====== DATA FOR THE TASK
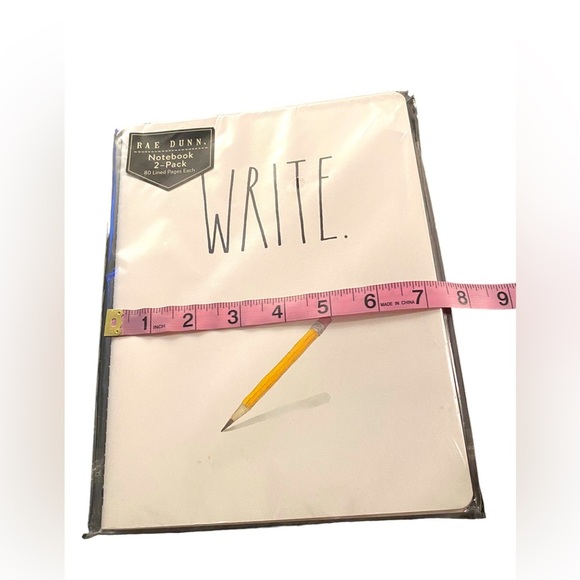 Rae Dunn 2-Pack WRITE/EXPLORE Notebook - Picture 5 of 6
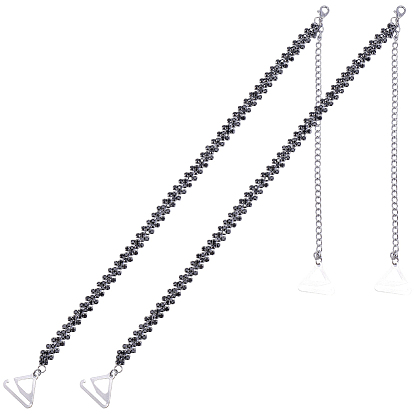 Нескользящие бретельки бюстгальтера со стразами из латуни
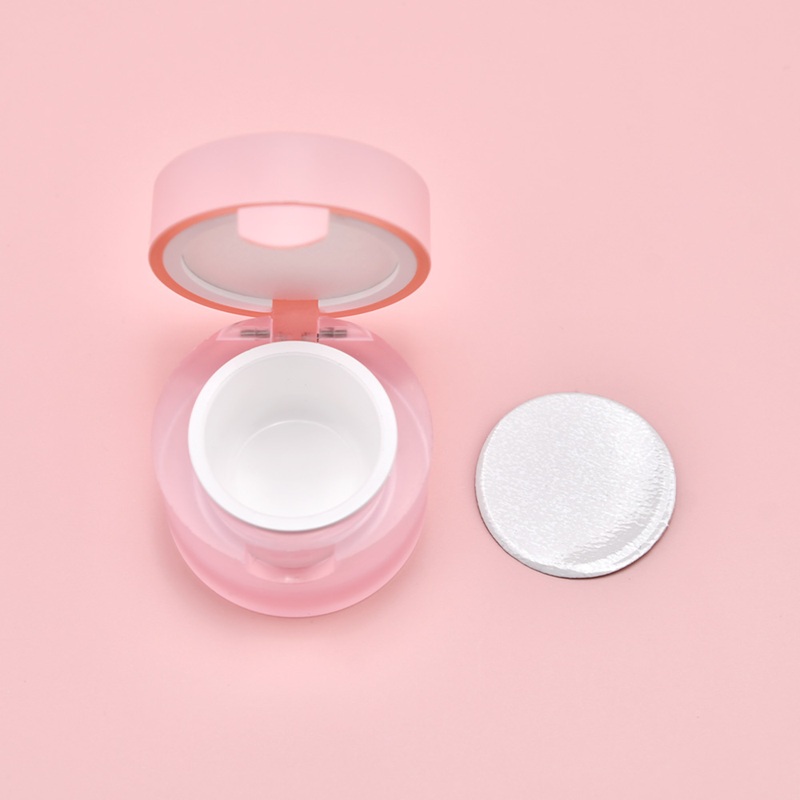 Private Label Empty Plastic Jar for Gel 5g Uv Gel Jars with Flip Lid OEM/ODM Custom Round Nail Gel Jar Mini Cosmetic Packaging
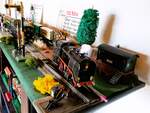 Diorama Spur 0 Antik 1930er/1950er Jahre  PW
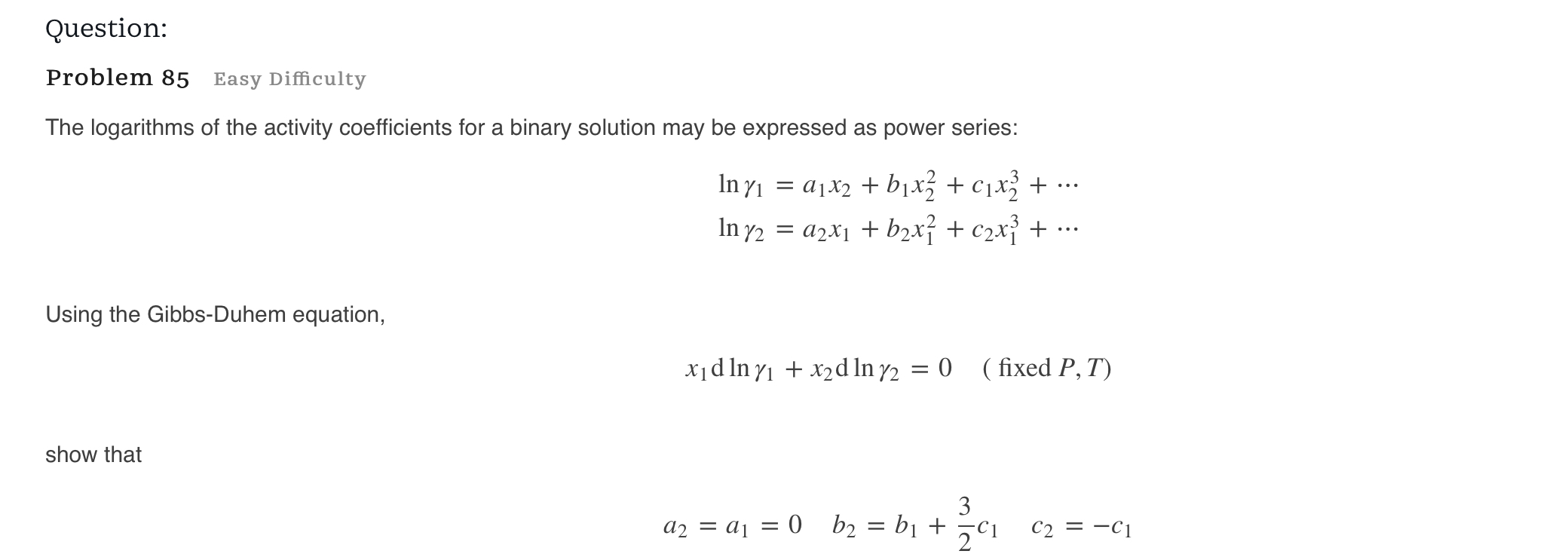 SOLVED: Question: Problem 85 Easy Difficulty The Logarithms Of The ...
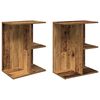 vidaXL Nočn&eacute; stol&iacute;ky 2 ks star&eacute; drevo 46,5x29x61 cm kompozitn&eacute; drevo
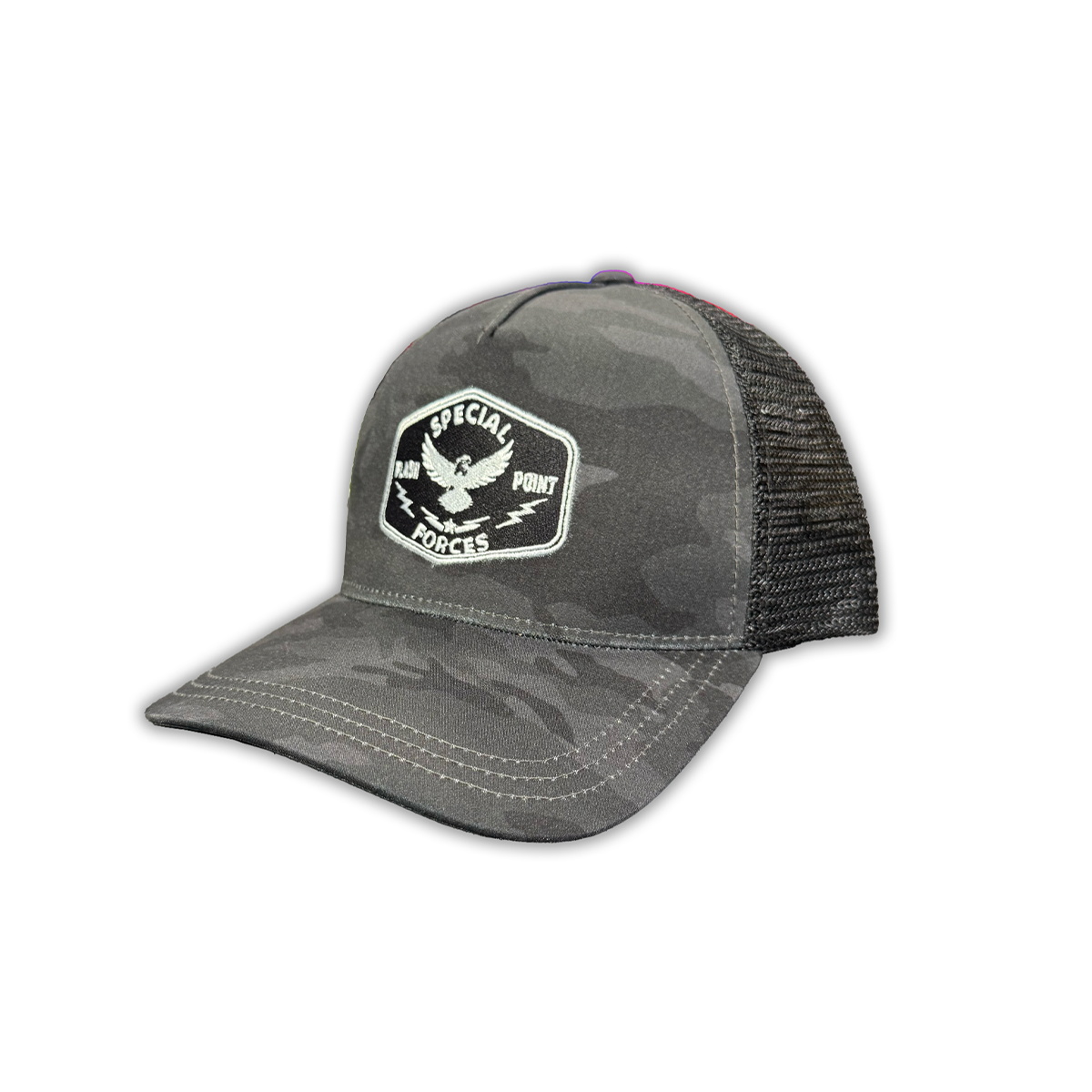 FlashPoint Special Forces Hat - Black Camo Trucker – FlashPoint Store
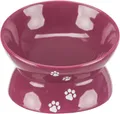 Podwyższona, ergonomiczna miska ceramiczna 0,15 l/o 13 cm, kolor bordowy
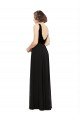 Cheap Stretch Velvet and Chiffon Bridesmaids Dress with V-Neckline Sydney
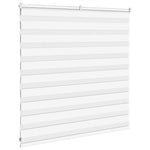 ZNTS Zebra Blind White 140x100 cm Fabric Width 135.9 cm Polyester 4014737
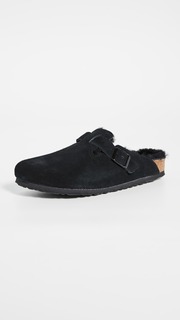 Сандалии Birkenstock Boston Shearling, черный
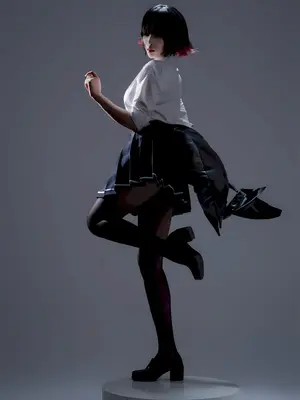 轩萧学姐 - 鲨鱼妹JK_074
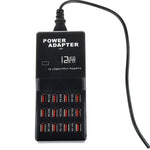 W-858 12A 12포트 USB 고속 충전 도크 데스크탑 스마트 충전기 AC100-240V, EU 플러그, EU 플러그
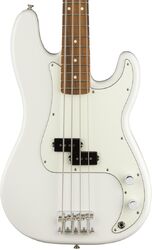 Solid body elektrische bas Fender Player Precision Bass (MEX, PF) - Polar white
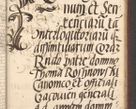 Zdjęcie nr 1037 dla obiektu archiwalnego: Acta actorum, obligacionum sententiarumque tam interlocutoriarum quam diffinitivarum coram reverendo domino Thoma Roschnowsky canonico et officiali Cracoviensi generali ad annum Domini 1534, indicione septima, pontificatus sanctissimi in Christo patris domini et domini Clementis pape septimi, anno ipsius undecimo vel alias, ut dicitur vacante sede apostolica feliciter continuantur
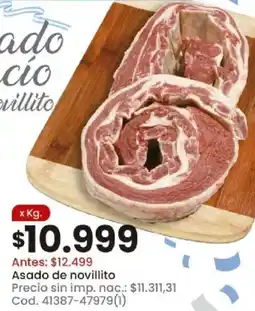 Coto Asado de novillito oferta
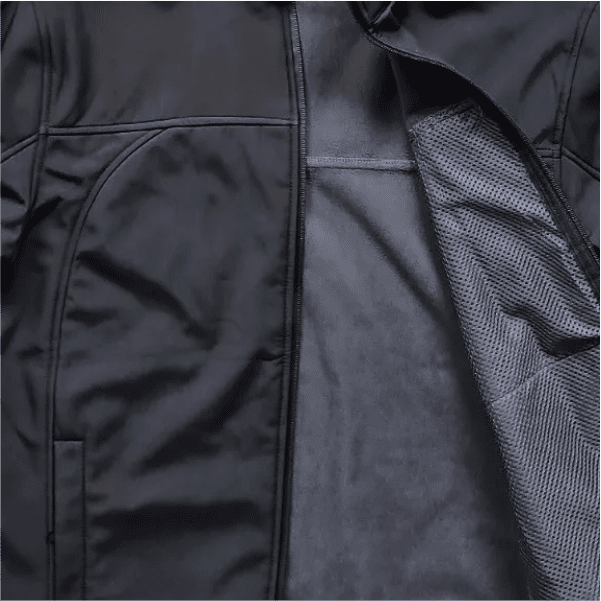 Campera de Softshell Premium (Tipo Neoprene) Negra - Image 5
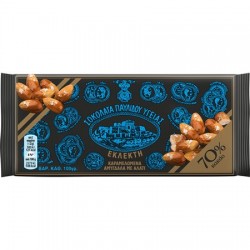 ΠΑΥΛΙΔΗΣ 100G ΣΟΚΟΛ ΥΓΕΙΑΣ 70% ΜΕ ΑΛΑΤ. ΑΜΥΓΔΑΛΑ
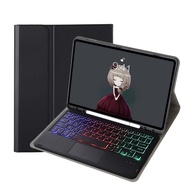 Ready Stock Lambskin Texture Backlight Bluetooth Keyboard Leather Tablet Case For Samsung Galaxy Tab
============
* [TASK] Pictures are to be dropped; the lines from the start of the entries above through the line with "SOLVED: Question: Problem" are to be given again verbatim.

* [EXPECTED ANSWER]
 Rae Dunn 2-Pack WRITE/EXPLORE Notebook - Picture 5 of 6
 Нескользящие бретельки бюстгальтера со стразами из латуни
 Private Label Empty Plastic Jar for Gel 5g Uv Gel Jars with Flip Lid OEM/ODM Custom Round Nail Gel Jar Mini Cosmetic Packaging
 Diorama Spur 0 Antik 1930er/1950er Jahre  PW
 SOLVED: Question: Problem 85 Easy Difficulty The Logarithms Of The ...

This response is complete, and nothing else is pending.